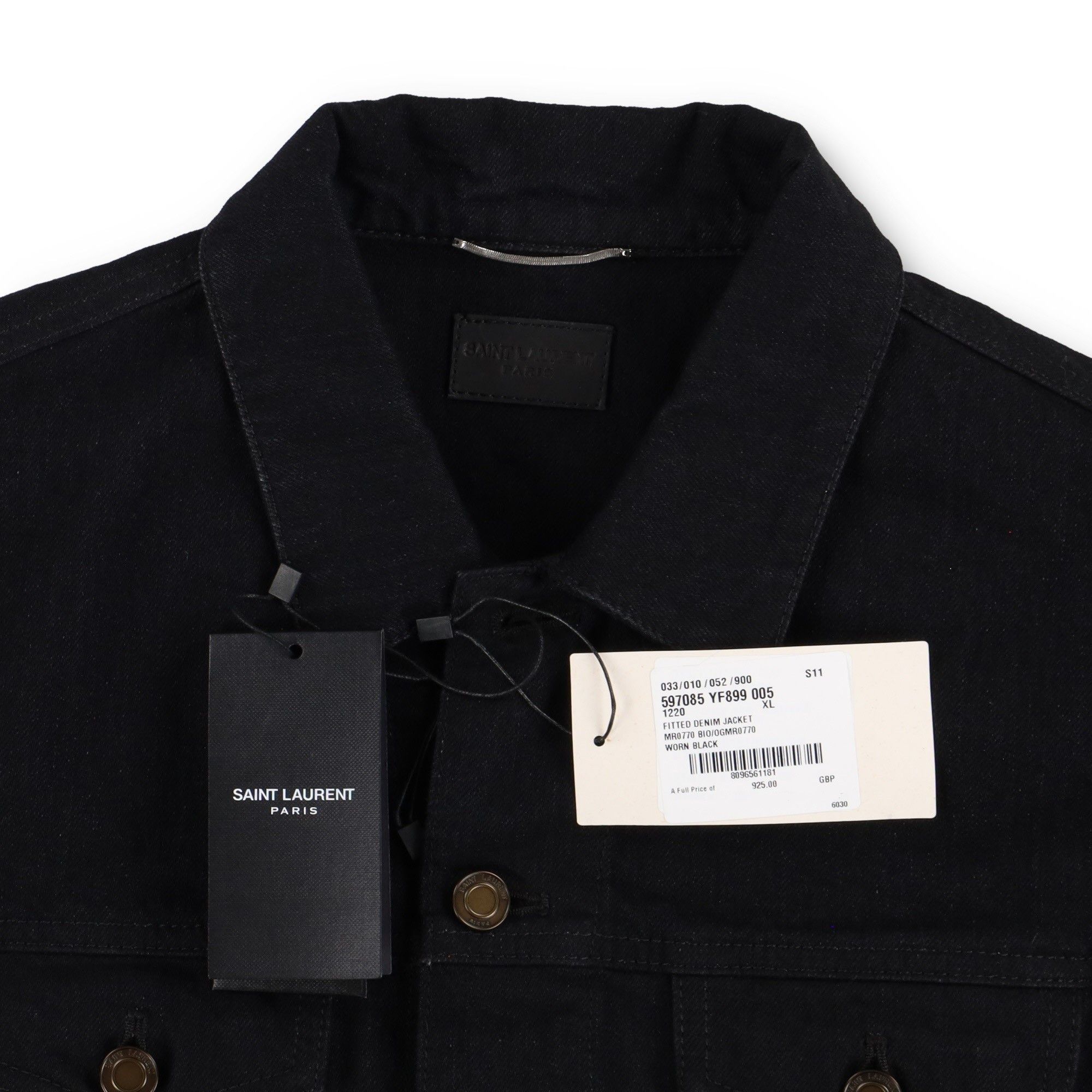 Saint Laurent Paris Black Classic Fitted Denim Trucker Jacket Size US XL / EU 56 / 4 - 9 Thumbnail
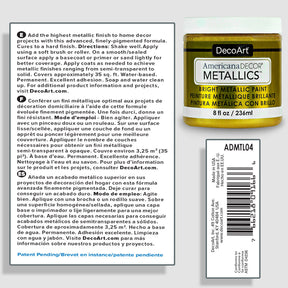 DecoArt Metallics 3-color set featuring vibrant metallic paints in small bottles with color swatches on a white background.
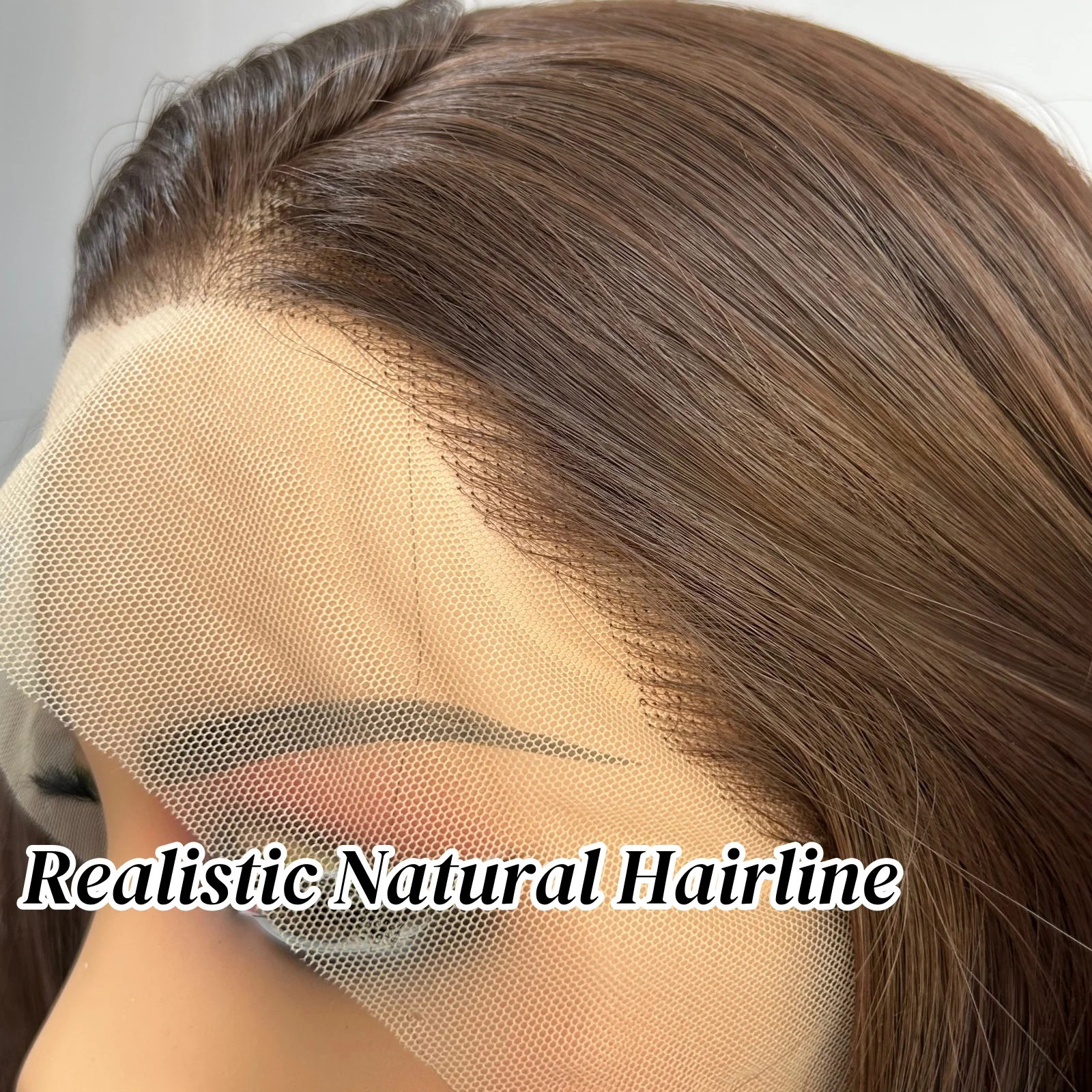 Chocoladebruin Lang Golvend Natuurlijke Golf Synthetische Lace Front Pruiken voor Vrouwen Middelste Deel Pre Geplukt Haarlijn Brunette 13X4 Pruiken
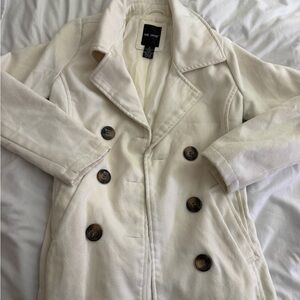Me Jane Women's Ivory Double-Breasted Trench Coat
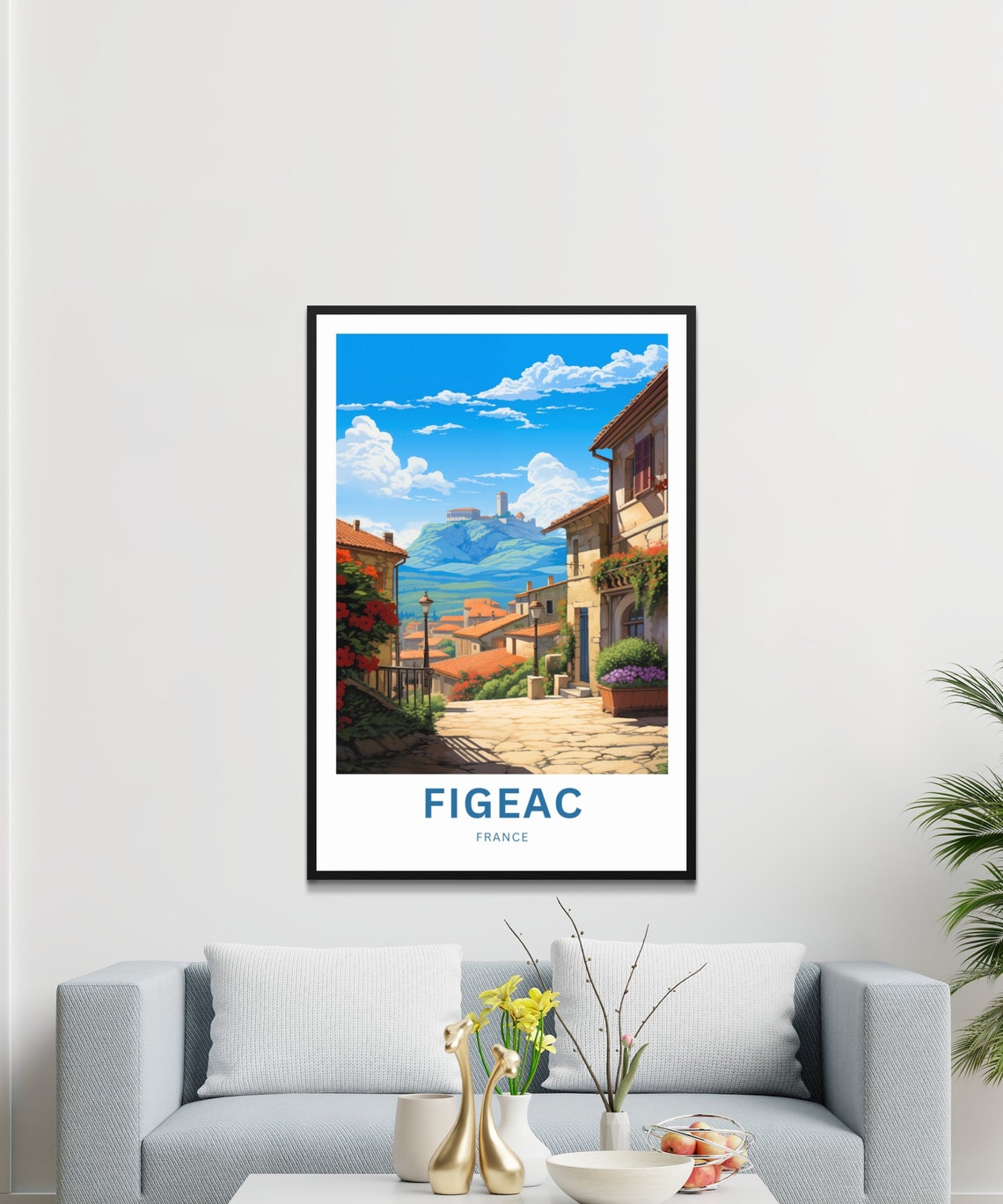 Figeac France Cobblestone Street Hilltop Castle Personalized Poster - Image 3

++++++++

All of the entries above should be retyped exactly, with the pictures left out.

Output:
 Saint Laurent Paris Black Classic Fitted Denim Trucker Jacket Size US XL / EU 56 / 4 - 9 Thumbnail
 DecoArt Metallics 3-color set featuring vibrant metallic paints in small bottles with color swatches on a white background.
 Chocoladebruin Lang Golvend Natuurlijke Golf Synthetische Lace Front Pruiken voor Vrouwen Middelste Deel Pre Geplukt Haarlijn Brunette 13X4 Pruiken
Me Jane Women's Ivory Double-Breasted Trench Coat
 Figeac France Cobblestone Street Hilltop Castle Personalized Poster - Image 3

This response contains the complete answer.